Necropolis, Steam’s Latest Hit, Is Not Very Good

Necropolis, Steam’s Latest Hit, Is Not Very Good

Necropolis is a cool-looking game from cool developers that looks cool sitting atop Steam’s top sellers list. It’s got the feel of a surefire hit. It’s also really not very good at all.

I’ve played a few hours of Necropolis now, and I hate to say it, but I’m bored. The game’s a third-person action roguelite with overt Dark Souls influences, and it comes from Harebrained Schemes, the folks who brought us the recent (and very good) Shadowrun games. You can watch me play in the video above.

As you probably noticed, it’s got a snazzy stylised look, and all the characters wear sweet-arse scarves. The game screams “COOL” almost as loudly as its baddies scream “EEEEEARRRGHHHSCARYNOISE” all the damn time.

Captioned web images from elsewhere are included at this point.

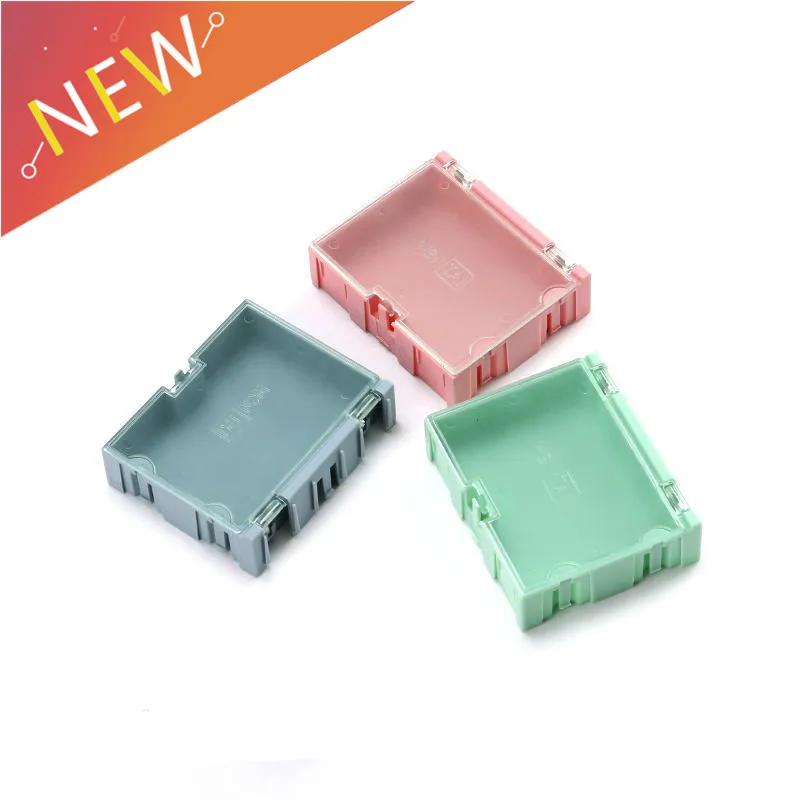 

3pcs SMD SMT Component Container Storage Boxes Case Plastic Jewelry Electronic Case Tool Boxes Pink 75*63*21mm
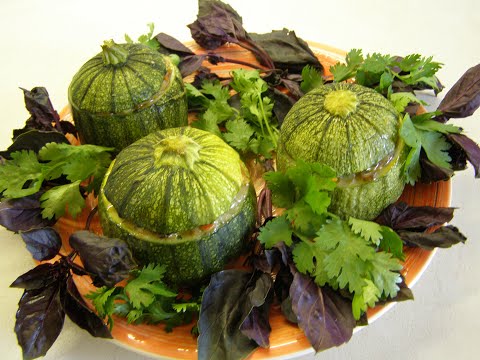 Видео: Круглые кабачки,фаршированные грибами,рисом и овощами.
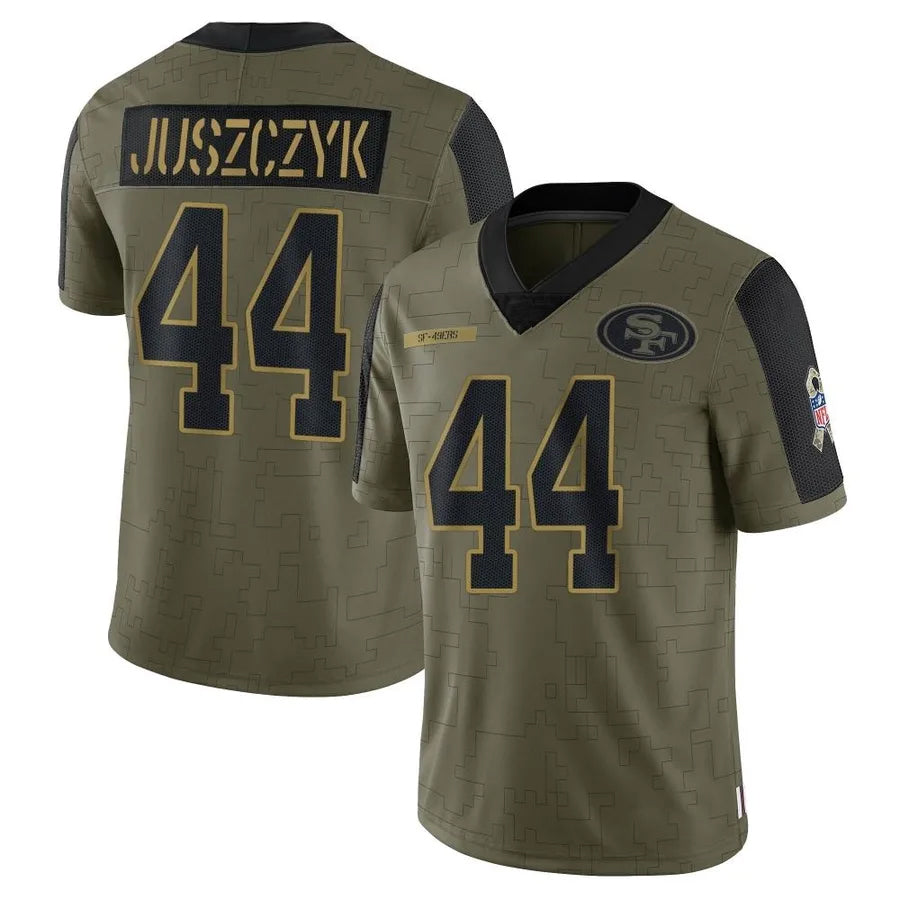 SF.49ers #44 Kyle Juszczyk Player Salute To Service Limited Olive Football Jerseys football jersey product view 1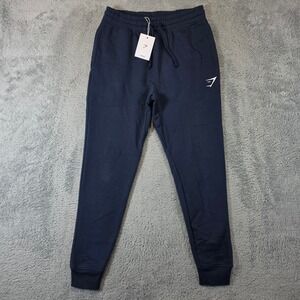 Gymshark Crest Jogger Mens Small Navy Blue Slim Fit Fleece Sweatpants Gym NWT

It’s almost fitting that a lot of those enemies are skeletons, because Necropolis doesn’t have much meat on its bones. (That said, the skeletons frequently drop actual hunks of meat that you can eat to regain health, which seems counter-intuitive because, you know, skeletons. But I’m getting away from myself.)

Necropolis, Steam’s Latest Hit, Is Not Very Good

You delve ever deeper into randomly generated dungeons, fighting groups of enemies with extremely basic attack patterns, using only a few different types of weapons. Combat is repetitive and unsatisfying, and each floor of the dungeon is punctuated by little more than a health increase and a trip down to the next floor. No boss fights, no surprises aside from some light story stuff. Even loot quickly grows tiresome, since many weapons confer slight (but never displayed or otherwise de-mystified) stat bonuses while feeling almost exactly like other weapons. Necropolis is just hallway after hallway of winding monotony.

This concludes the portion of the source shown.